2. LES TEINTURES ET TRAITEMENTS
La culture n’est que la première étape de la fabrication d’un vêtement en coton. Après avoir été récolté, égrené, filé et tissé, il doit être « ennobli ». L’ennoblissement désigne la succession de traitements chimiques – plus nocifs les uns que les autres ! – infligés aux fibres textiles pour leur conférer certaines caractéristiques. Par exemple, pour obtenir une chemise « sans repassage », on la traite avec des résines synthétiques contenant du formaldéhyde. Pour lui donner un aspect soyeux, on l’imprègne de soude caustique. Le traitement « anti-taches » est à base de résines. Quant aux 4000 colorants chimiques utilisés pour la teinture et l’impression, ils peuvent provoquer des allergies, notamment ceux contenus dans les teintes bleues que l’on trouve dans les doublures de vêtements en acétate et polyester.

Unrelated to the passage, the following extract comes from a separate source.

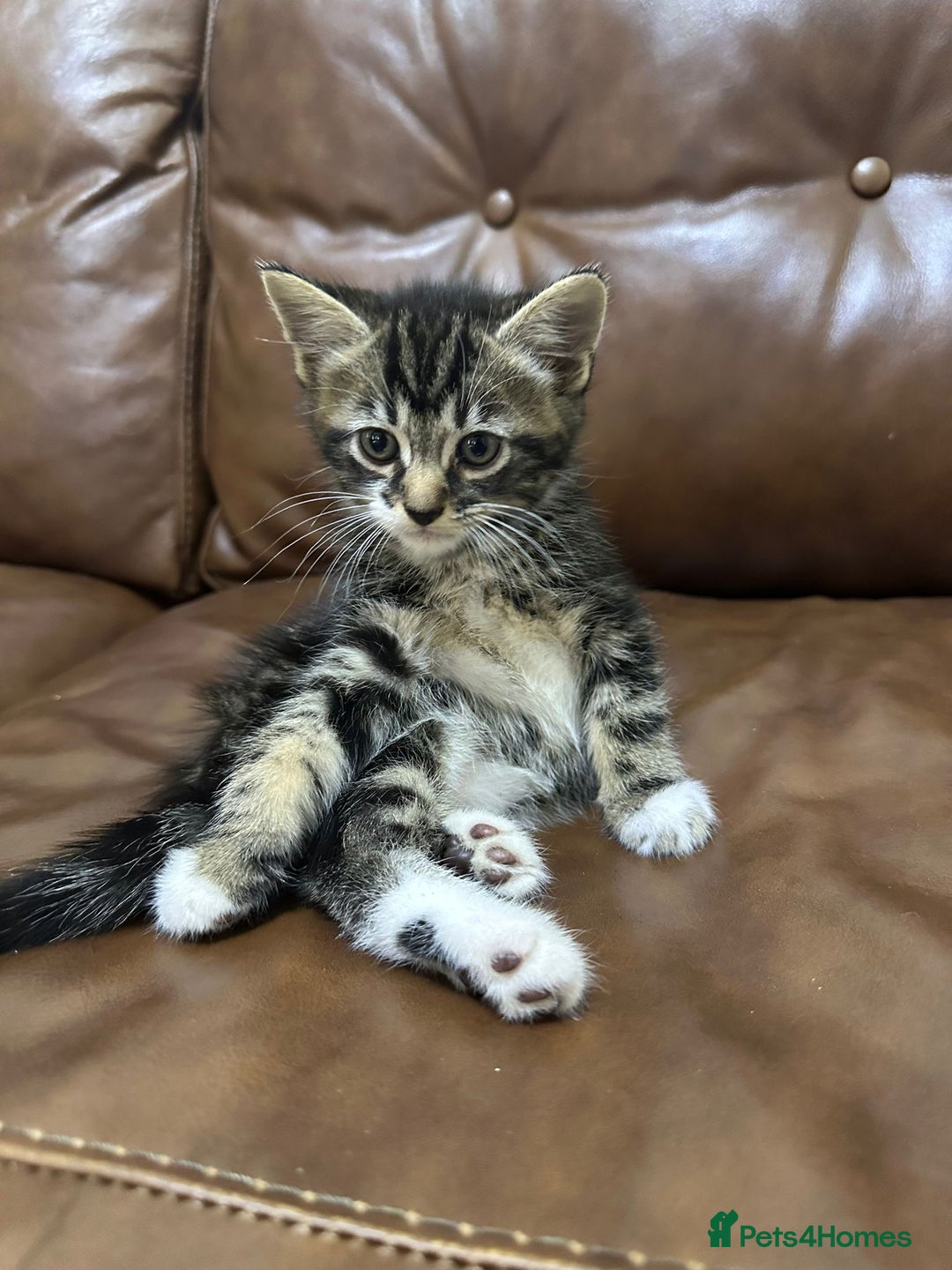 Russian Blue cats for sale: Russian blue and Turkish angora cross - Image 3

Avec le coton bio, on évite une grande partie de ces problèmes. Pour le blanchiment, le peroxyde d'hydrogène ou l'eau oxygénée remplace avantageusement le chlore. Les teintures utilisées sont garanties sans métaux lourds et il existe 75 variétés de coton coloré naturellement. Sinon, apprenez à repérer le label
Oeko Tex (Confiance Textile), qui garantit depuis 1992 l’absence de substances indésirables pour la santé et l’environnement dans les produits finis (interdiction de métaux lourds, de formaldéhydes, contrôle de la nocivité des colorants et de la qualité des eaux usées). Une alternative est de rechercher des produits textiles portant l’écolabel européen, qui garantit des impacts réduits sur l’environnement et la santé tout au long du cycle de vie du produit.

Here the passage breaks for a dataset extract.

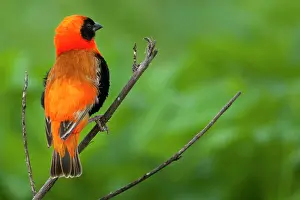 Backside: Southern red bishop, Serengeti National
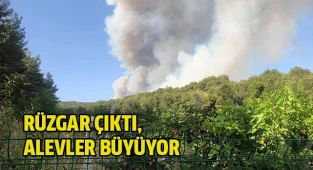 Rüzgar çıktı, alevler yayılıyor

3. LE COTON EQUITABLE, QUELLE GARANTIE ?
Depuis 2005, on trouve le label de commerce équitable
Max Havelaar en France sur des vêtements en coton : la garantie ne porte pas sur la transformation du coton ou sur la confection des vêtements, mais déjà sur la production du coton, assurée par des petits producteurs du Sud équitablement rémunérés (c’est déjà beaucoup car dans certains pays comme l’Inde, les conditions de vie et l’endettement sont tels qu’on a vu des vagues de suicides chez les producteurs). Certains estiment que cette démarche a des limites, dont le fait de ne pas couvrir la conception ou encore le fait que si le coton n’est pas bio, il menace de toute façon la santé des producteurs, même s’ils sont bien payés… Il n’empêche que ces produits ont le mérite d’exister et se développent, portés par des marques ou enseignes comme
Armor Lux,
Célio,
Cora,
Eider,
Hacot et Colombier, Hydra,
Kindy ou
La Redoute.
4. LE VOYAGE DE NOS VETEMENTS
Le pays de fabrication affichée sur l’étiquette de nos vêtements ne doit pas nous abuser sur le fait que la réalité est souvent plus complexe et complètement ignorée du client : un pantalon en jean, par exemple, peut mêler sur un produit vendu en France du coton indonésien confectionné au Bangladesh, avec une fermeture éclair bangladaise et des boutons ou rivets venus de Hong-Kong ! Dans Les Aventures d'un tee-shirt dans l'économie globalisée, Pietra Rivoli, professeur associée à l'université Georgetown, retrace le parcours d’un tee-shirt en coton texan acheté 5,99 dollars en Floride. Les balles de coton dudit tee-shirt quittent le Texas pour emprunter les routes américaines vers la Californie. Chargées sur des bateaux, elles arrivent à Shanghai où le coton est transformé en fils puis en vêtement. Enfin des conteneurs remplis de tee-shirts sont chargés au port de Shanghai, traversent l'océan Pacifique et accostent à Miami… point de départ des balles de coton texan !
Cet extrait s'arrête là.